El desarrollo de su poesía, desde la juventud de Anillo de silencio, pasando por Saudade donde llora la partida de su marido, hasta Otredad muestra una consistencia estilística y una unidad semiótica sorprendente.

Casi que se puede escuchar la voz de Claribel en sus poemas, su voz dulce y evocativa.

Sus palabras:
El oficio de escribir es un oficio como tantos otros, y así como el zapatero tiene que hacer buenos zapatos, el escritor está llamado a comunicar, a comunicar ideas, a comunicar sentimientos.

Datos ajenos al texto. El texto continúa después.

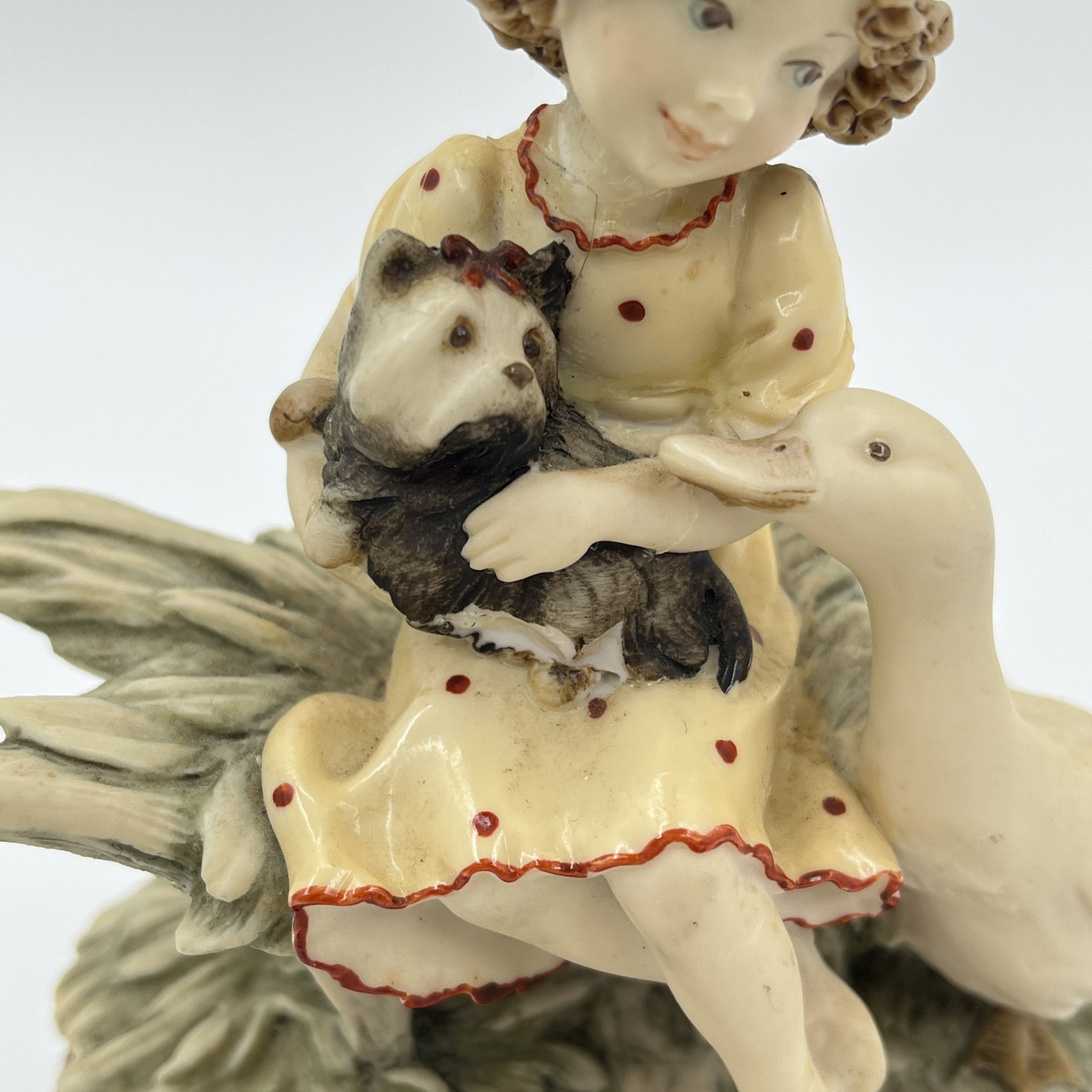 Статуэтка "Девочка с утокой" автор G.Armani, Capodimonte (Каподимонте)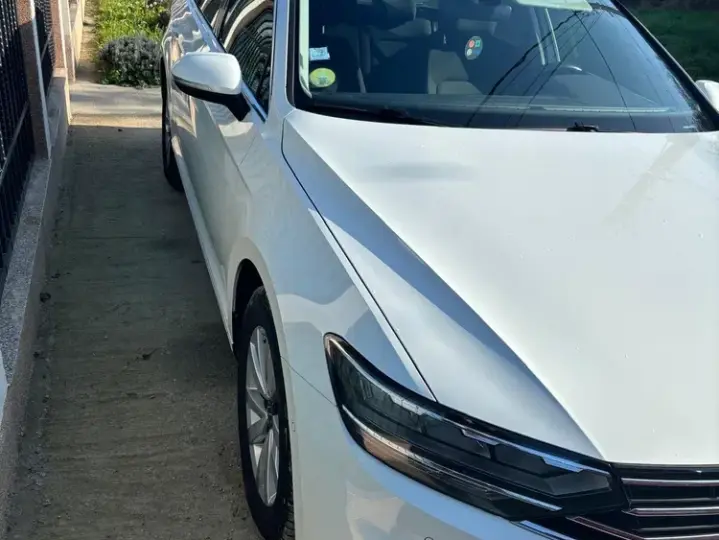 Volkswagen Passat B8 2.0 TDI DSG Advance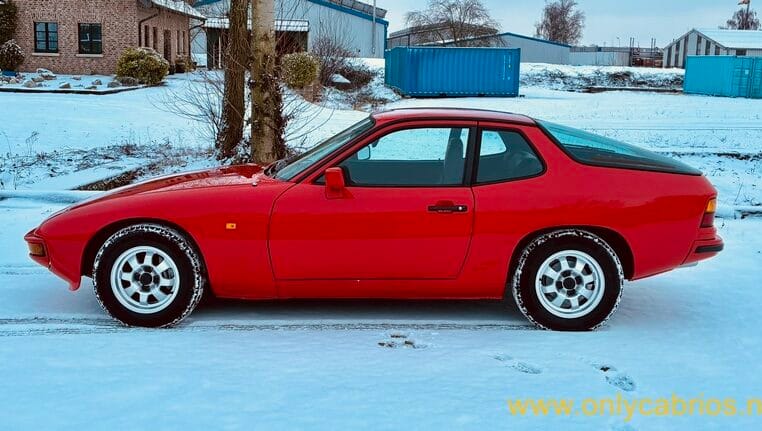 Porsche 924 Coupe Rood Met Zwart Stoffen Interieur 0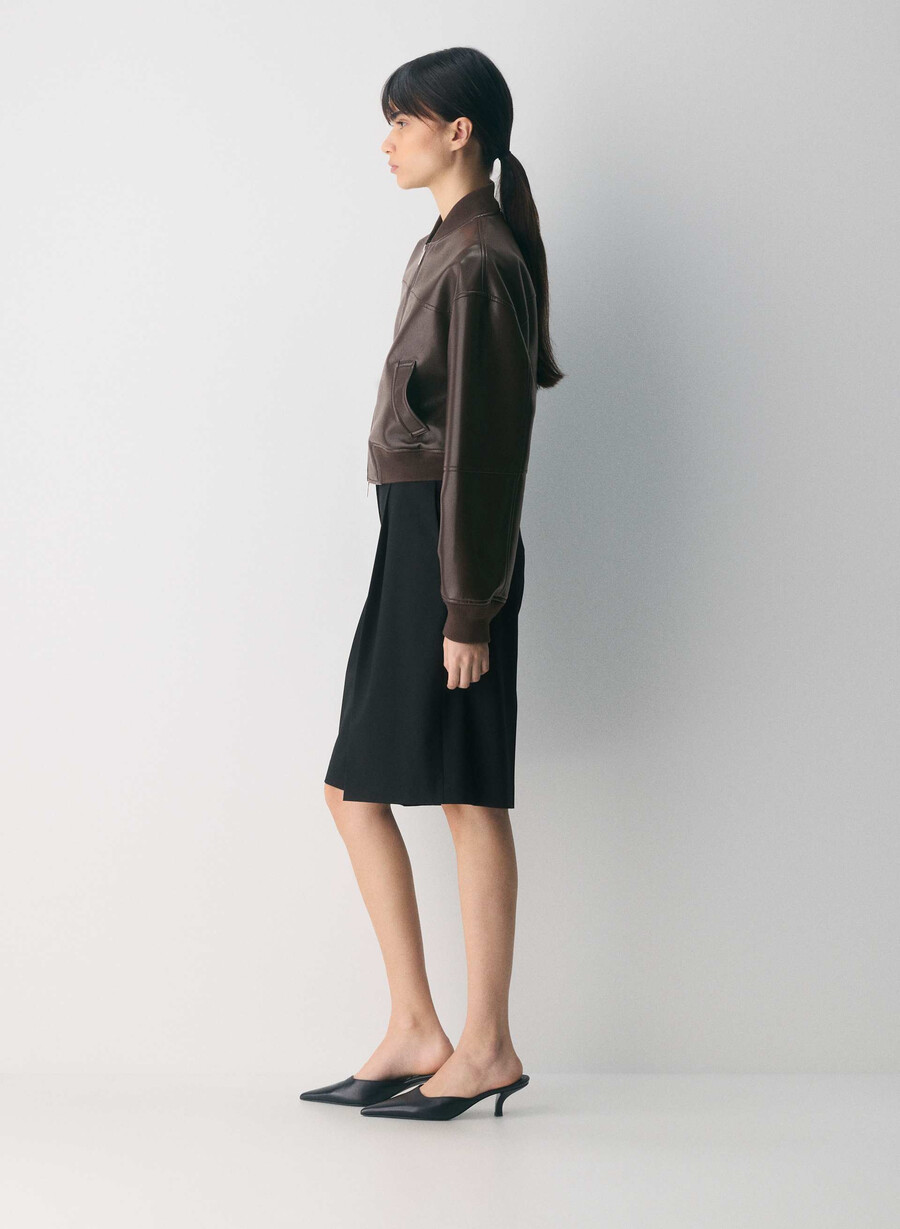 synergy bomber - unreal leather rich mocha brown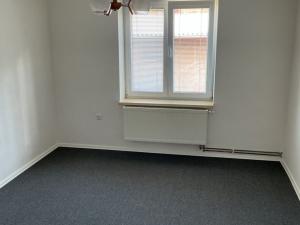 Pronájem bytu 2+1, Krnov, Bezručova, 57 m2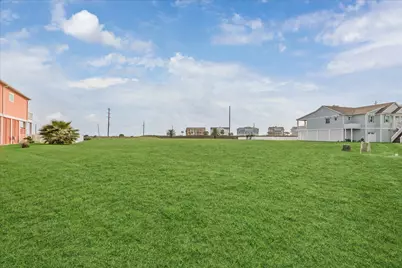 4203 S Sunset Bay Drive, Galveston, TX 77554 - Photo 2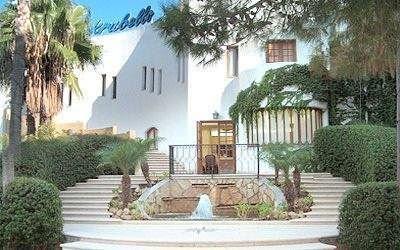 hotel akrabello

¿Usted cree que la fuerza de la literatura puede de alguna manera influir en el pensamiento de las personas para conseguir cambios en la sociedad?
C.A.: A veces sí. Por eso es tan delicado eso de escribir, y bueno, a veces puedes cambiar ideologías, —eso depende del escritor, de qué tanta  fuerza tenga él para convencer y de que en realidad esté diciendo la verdad. Pero tiene esa gran arma. Es una gran arma la escritura, y sí, yo pienso que puede hacer cambiar.

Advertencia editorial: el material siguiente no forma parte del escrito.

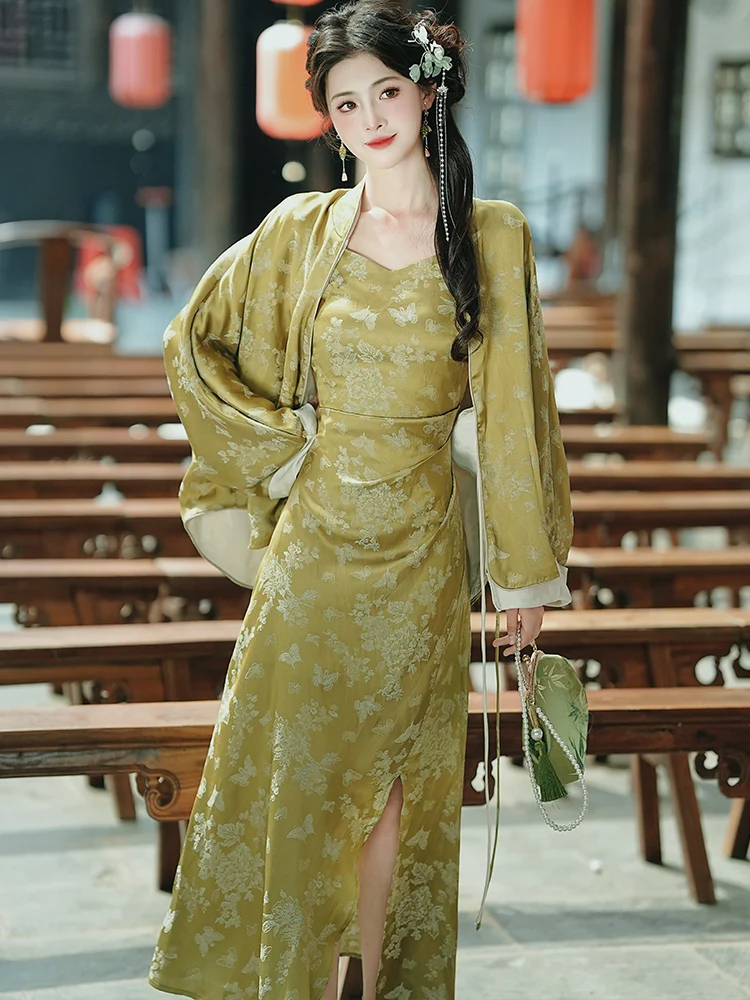 Hot Sale 2026 Qipao Women's New Chinese Style Satin Jacquard National Style Coat Strap Dress Two-piece Set Hanfu Cheongsam
Hot Sale 2026 Qipao Women's New Chinese Style Satin Jacquard National Style Coat Strap Dress Two-piece Set Hanfu Cheongsam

Claribel, ¿qué me puede decir con respecto al compromiso político del escritor y de lo privado y lo público en su obra, por ejemplo?
C.A.: Yo, naturalmente, estoy con mis pueblos, por lo que mis pueblos anhelan. Quiero mejorías. Tú has visto cómo estamos aquí de mal. En toda Centroamérica hay mucha pobreza, mucho desempleo. Y claro, entonces, sobre todo en mi narrativa, en mis testimonios, pongo lo que veo, tal como está. Trato de hacer un retrato para que los otros lo miren. En cuanto a los poemas yo no siento que tengan compromiso político. Ya lo he dicho  también, muchas veces. Mis poemas son poemas de amor a mis pueblos. No me siento a escribir poemas sobre algún hecho político. No, de ninguna manera.


A veces los han llamado poemas políticos pero esa no es mi intención porque yo pienso que para hacer literatura política, bueno.., para eso están los testimonios, para eso están los panfletos. Creo que la poesía no. Ahora claro, hay cosas que a mí me han golpeado mucho y también tienes derecho a escribir sobre ellas, ¿no? Algunas muertes, por ejemplo la de Monseñor Romero, que te llegan al corazón, ¿por qué no vas a escribir un poema sobre eso? Igual que una puesta de sol, igual que si estás enamorado, igual que la muerte... Yo a mis poemas los veo, ya te dije, como poemas de amor. Ahora, en lo que sí, verdaderamente, he tratado de retratar situaciones y que puedes decir tienen más compromiso político tal vez, es en los testimonios y en algunas de las novelas.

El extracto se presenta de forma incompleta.